On the one hand, highly skilled youth continue to quit India. There is little cutting-edge invention, design, or research happening, and with no funding, infrastructure, or liberal policies to enthuse them, why would they stay back? On the other hand, the careless rash of colleges spreading across the land, propelled by commerce rather than erudition, spits out thousands of semi-educated, semi-skilled, semi-literate youths each year, armed with degrees but otherwise unemployable. The government, meanwhile, has never allocated more than 5 per cent of GDP on education in the past 20 years. Bolivia and Namibia allot almost 10 per cent.

India has to create jobs faster than the rate at which its youth population is growing to tap the demographic dividend. This is a big ask, and the statistics of the past decade (and the ominous antipathy towards statistics) are not encouraging. The latest Periodic Labour Force Survey shows that the post-COVID trend continues, with most jobs still in agriculture. Agriculture with a 15 per cent share of GDP being forced to absorb 45 per cent of the workforce is not a healthy sign. Most other jobs are in the self-employed, labour, or gig areas, all casual work. Of the women shown as self-employed, 37 per cent do unpaid household labour. Thus, we have neither employable graduates nor enough salaried jobs.

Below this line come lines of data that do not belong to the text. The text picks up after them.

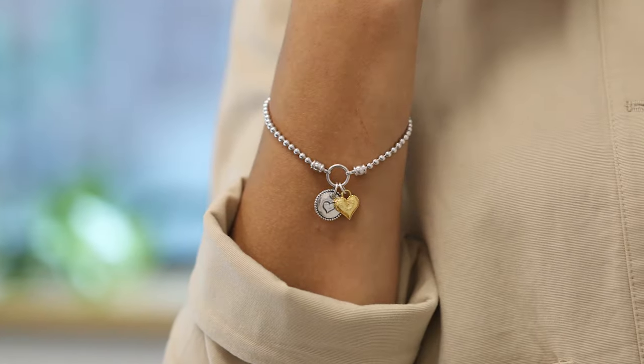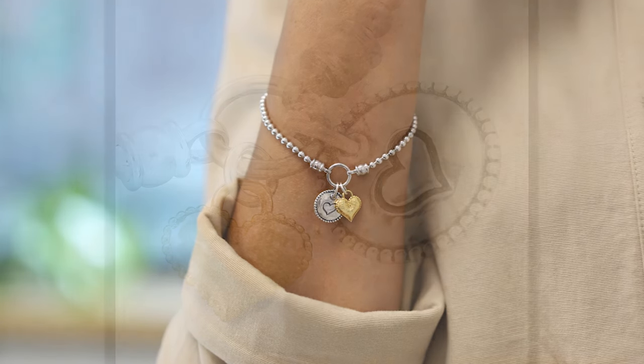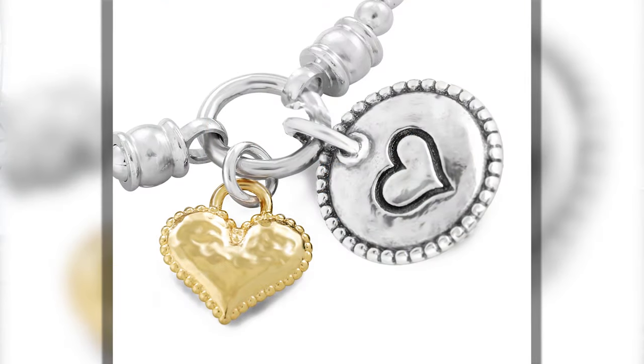Hello my friend. I'm so excited about this one. This is our brand new stretch bracelet. I love the concept of the beautiful heart charm that's engraved with the beaded artwork.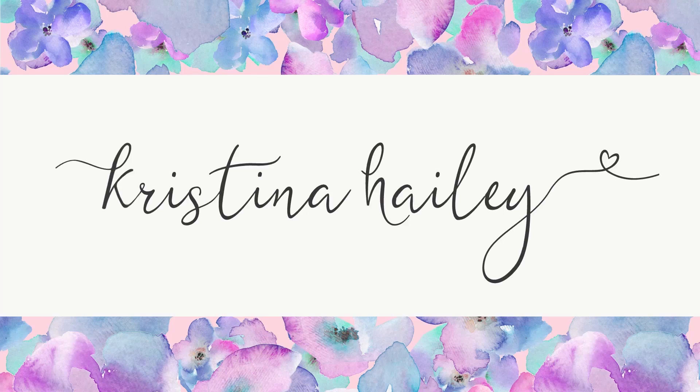Hey guys, welcome back to my channel, and today I'm doing yet another makeup tutorial. Today I'm going to make this slightly good face into a slightly better face using makeup.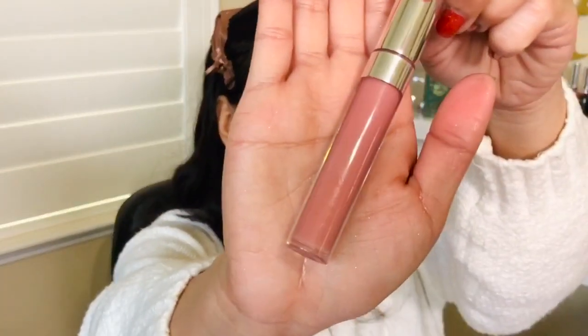Then I'm going to do something unheard of — top it off with a satin liquid lipstick. This is in the color Echo Drive. This is a perfect, perfect nude. One thing to remember with ColourPop liquid lipsticks is they do oxidize a bit. So when I'm looking for the nudest shade I can go for my skin tone, I go with this. I'm putting this just on the center of my lips.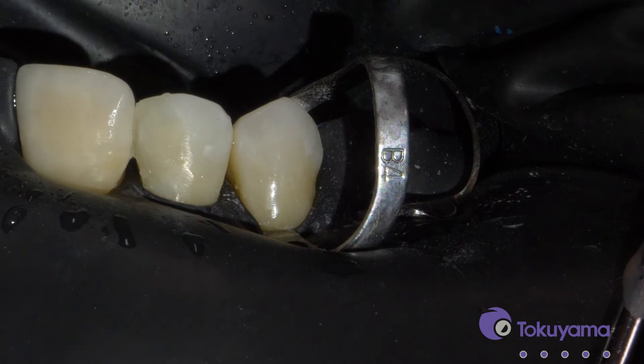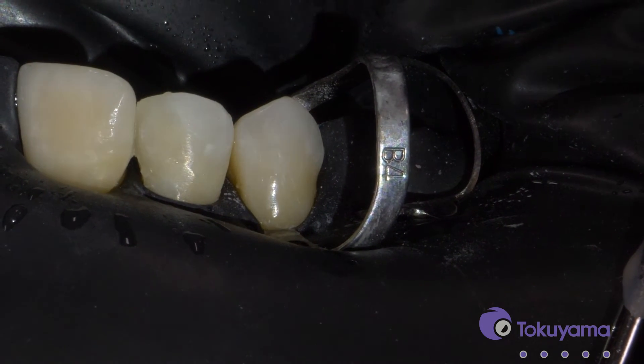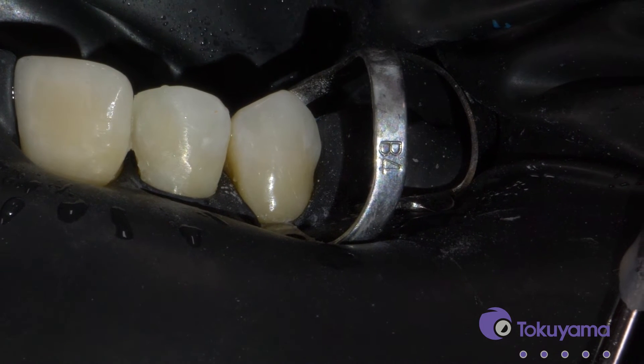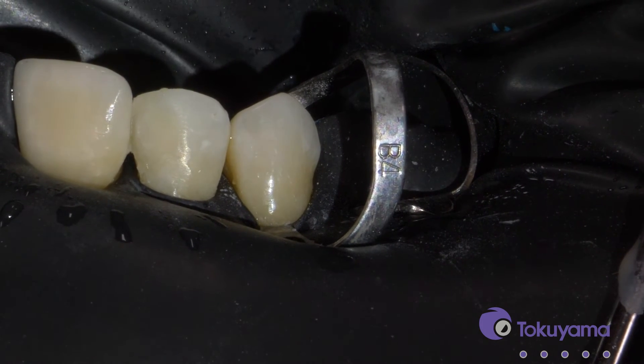So once I've drilled out the void, I'm just going to put a little bit more of that bonding agent. I don't have to etch because I'm just bonding to the composite right now, rather than the tooth.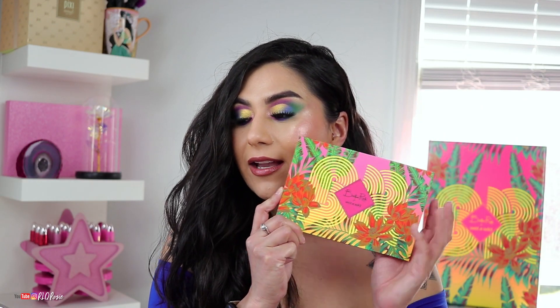Hey everyone, welcome back to my channel! Today we're doing a video on this beautiful collection behind me, which is the Bretman Rock x Wet n Wild collection. I want to let you guys know this collection was gifted to me — it was a PR package. I asked you guys on Instagram if you wanted to see a video and you guys said yes, which I love you guys for because I'm living for this palette.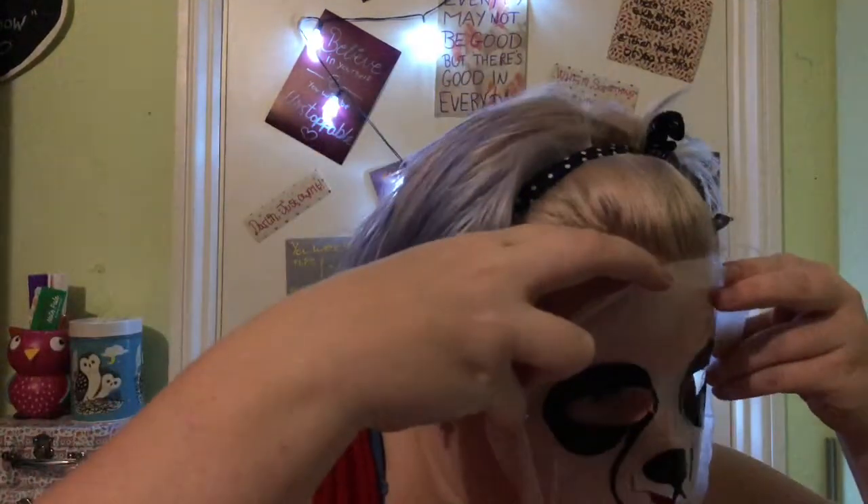Yeah, that looks better. Do I look like a panda yet? Okay, so I'm just going to leave this for 15 to 20 minutes and we'll see what it's like.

But Gen Z is a new force, restless, wilful, idealistic, and much more au courant than any generation before it. A strong social, educational, and political scaffolding is needed to harness its energy positively, but in its place all we see is an excess of religio-cultural signalling that only fuels anger and alienation.

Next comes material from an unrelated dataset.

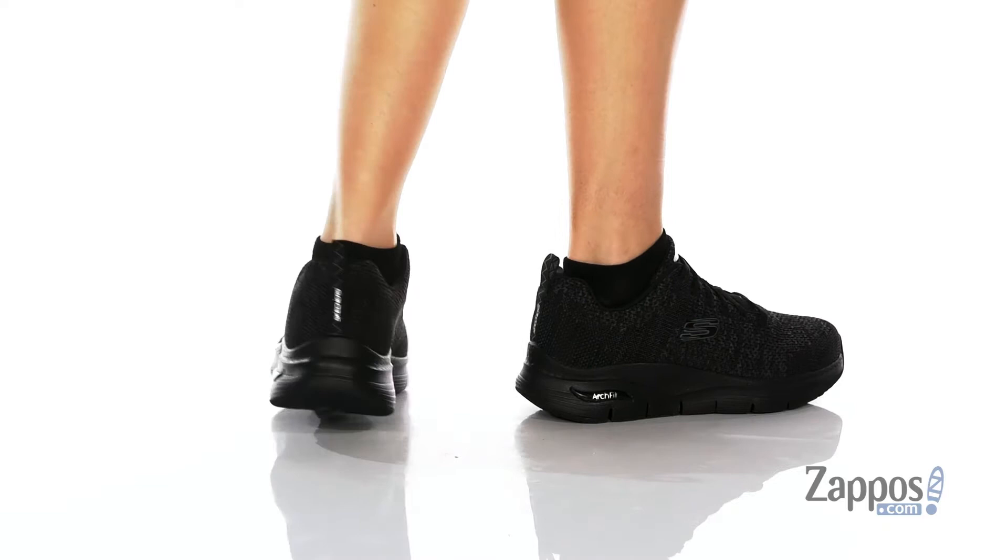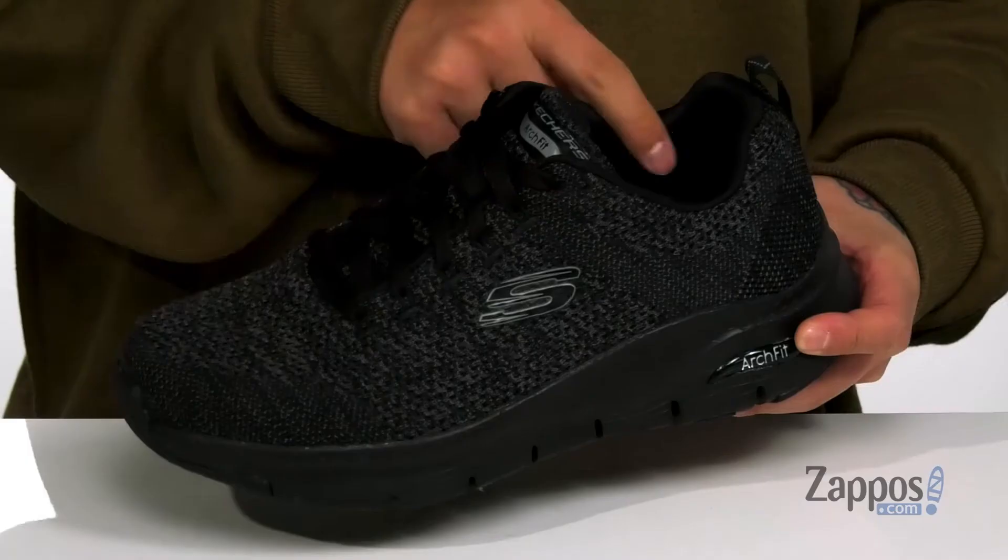This comfortable shoe from Skechers features a woven fabric upper, which is very breathable. You've also got a traditional lace-up design that's going to provide a secure fit, with light padding on the tongue and collar.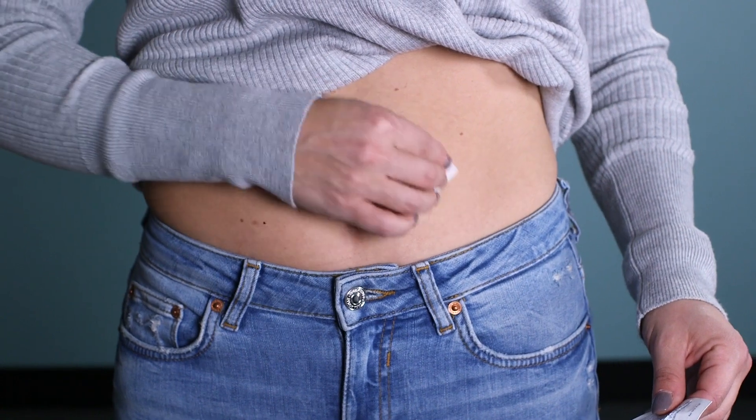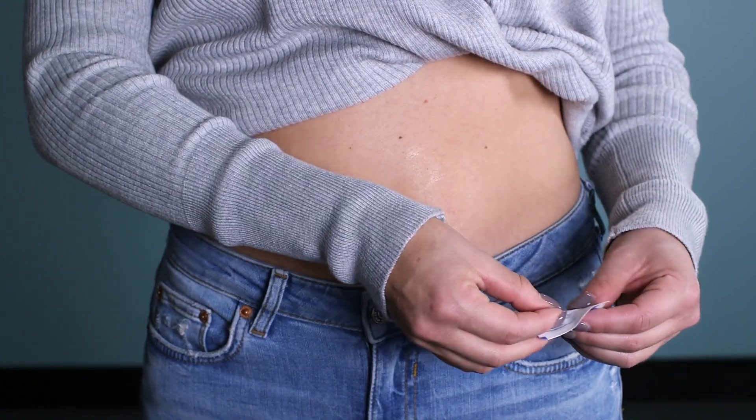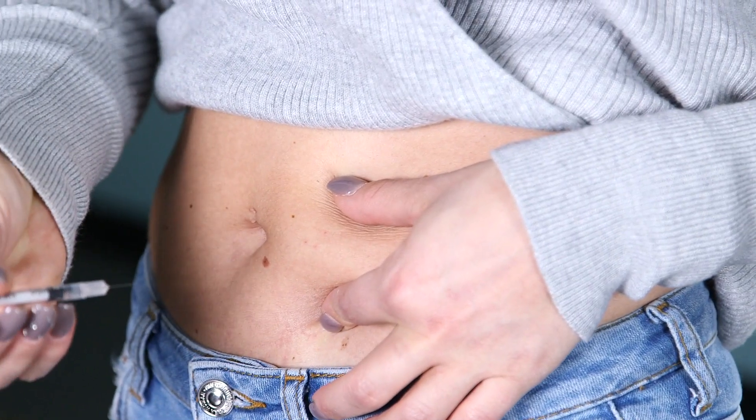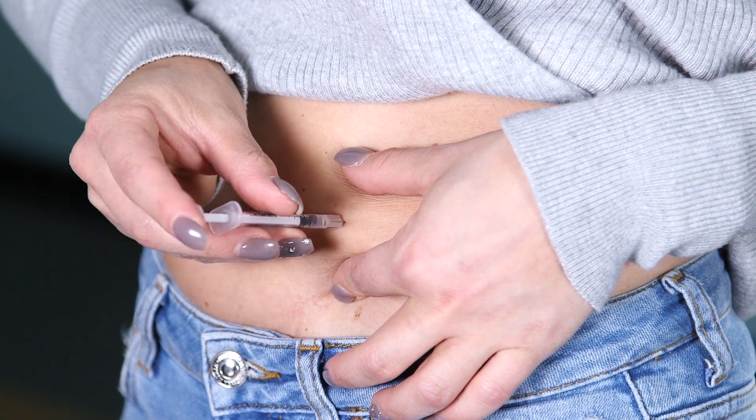Alcohol wipe the skin on the abdomen where you're going to receive the injection. Let the alcohol dry. Hold the syringe like a dart. Squeeze the skin. The needle goes straight in at a 45 to 90 degree angle.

While in the electoral arena, the BJP’s ideological underpinning is a strength, giving its cadres a holy grail to win, in the governance world its ideological lens become blinkers. When an administration’s priority is to deny science and statistics in its biggest research organisations, replace history and medicine with mythological gibberish, and remake eminent educational institutions into shallow ideological ponds, it will not have the nous to build a youth ready for the future or a future fit for its youth.